- _Activity_
Copy out all of the lines below exactly; the pictures do not belong in the copy.

- _Dataset extract_
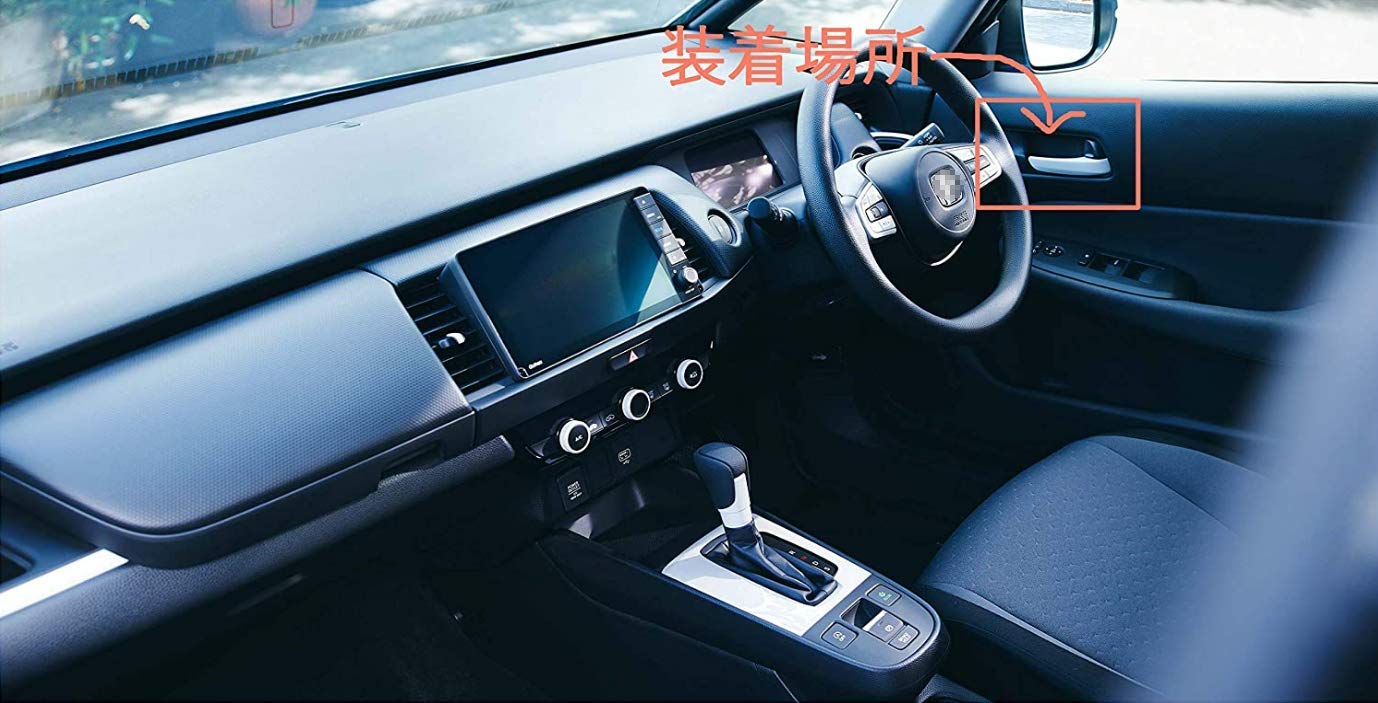 Amazon.co.jp: 【Motors shop】ホンダ 新型 フィット 4代目 GR系 専用 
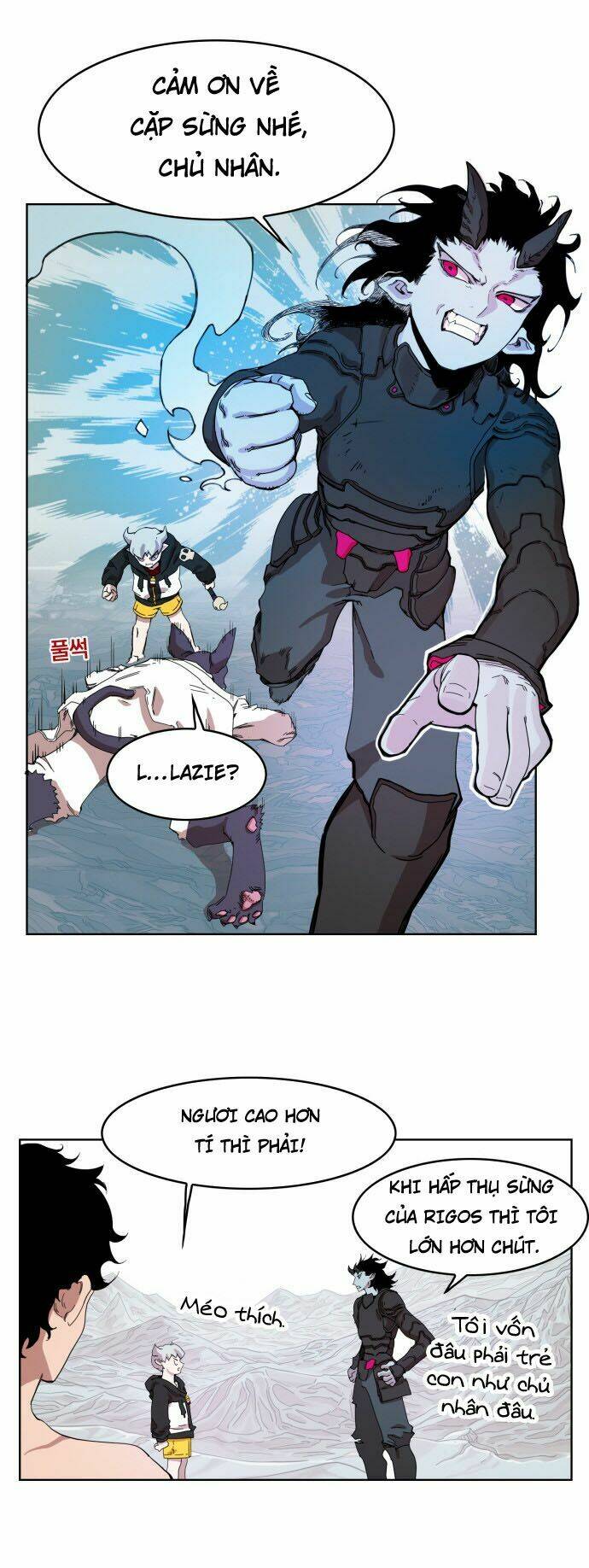 Hard Core Leveling Warrior Chapter 48 - Trang 2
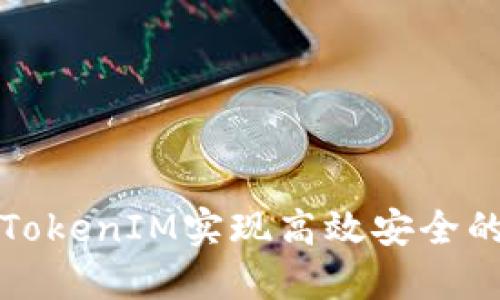 如何使用TokenIM实现高效安全的多签技术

- _Solved exercise_
 Amazon.co.jp: 【Motors shop】ホンダ 新型 フィット 4代目 GR系 専用 
 Hard Core Leveling Warrior Chapter 48 - Trang 2
 如何使用TokenIM实现高效安全的多签技术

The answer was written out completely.